La bibliothèque libre.
Traduction par Louis de Sacy revue et corrigée par Jules Pierrot.
éditeur Panckoucke (p. 321).
XXIV.
Pline à Valens.

Ces jours passés, comme je plaidais devant les centumvirs, les quatre tribunaux assemblés, je me souvins que la même chose m’était arrivée dans ma jeunesse[1]. Ma pensée, comme à l’ordinaire, m’entraîna plus loin. Je commençai à rappeler dans ma mémoire ceux qui suivaient avec moi la carrière du barreau à l’une et à l’autre époque. Je m’aperçus que j’étais le seul qui se fut trouvé aux deux jugemens, tant les lois de la nature, tant les caprices de la fortune amènent de changemens ! Les uns sont morts, les autres bannis. L’âge ou les infirmités ont condamné celui-ci au silence ; la sagesse ménage à celui-là une heureuse tranquillité. L’un commande une armée ; la faveur du prince dispense l’autre des emplois pénibles. Moi-même, quelles vicissitudes n’ai-je point éprouvées ! Les belles-lettres m’ont élevé d’abord, abaissé ensuite, et enfin relevé. Mes liaisons avec les gens de bien m’ont été avantageuses, puis elles m’ont nui[2], et, de nouveau, elles me sont utiles aujourd’hui. Si vous comptez les années, le temps vous paraîtra court ; si vous comptez les événemens, vous croirez parcourir un siècle. Tant de changemens, si rapidement amenés, sont bien propres à nous apprendre, qu’on ne doit désespérer de rien, ne compter sur rien. J’ai coutume de vous communiquer toutes mes pensées, de vous adresser les mêmes leçons, de vous proposer les mêmes exemples qu’à moi-même : ne cherchez pas d’autre intention dans cette lettre. Adieu.

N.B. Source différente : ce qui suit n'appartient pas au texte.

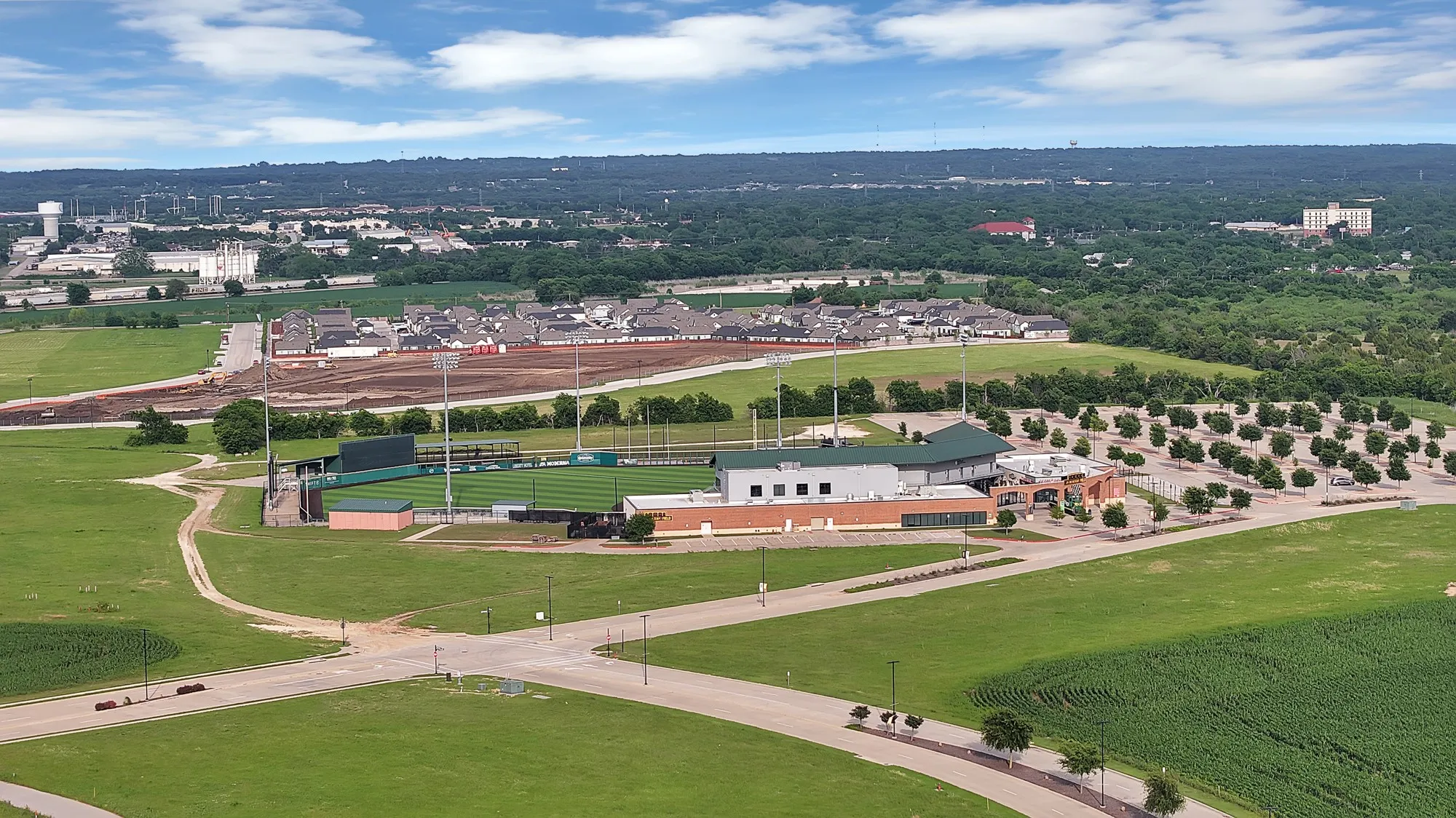 Aerial perspective showcasing extensive green spaces, a baseball field with stadium seating and field lighting, a large adjacent parking facility, and surrounding development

  1. Les quatre tribunaux assemblés, etc. Voyez liv. i, 18, note 57. J’ai suivi le texte donné par M. Lemaire.
  2. Avec les gens de bien, etc. J’ai supprimé bonorum, répété devant obfuerunt, dans le texte mis en regard de la traduction de De Sacy. Je me suis conformé en cela aux dernières éditions de Pline.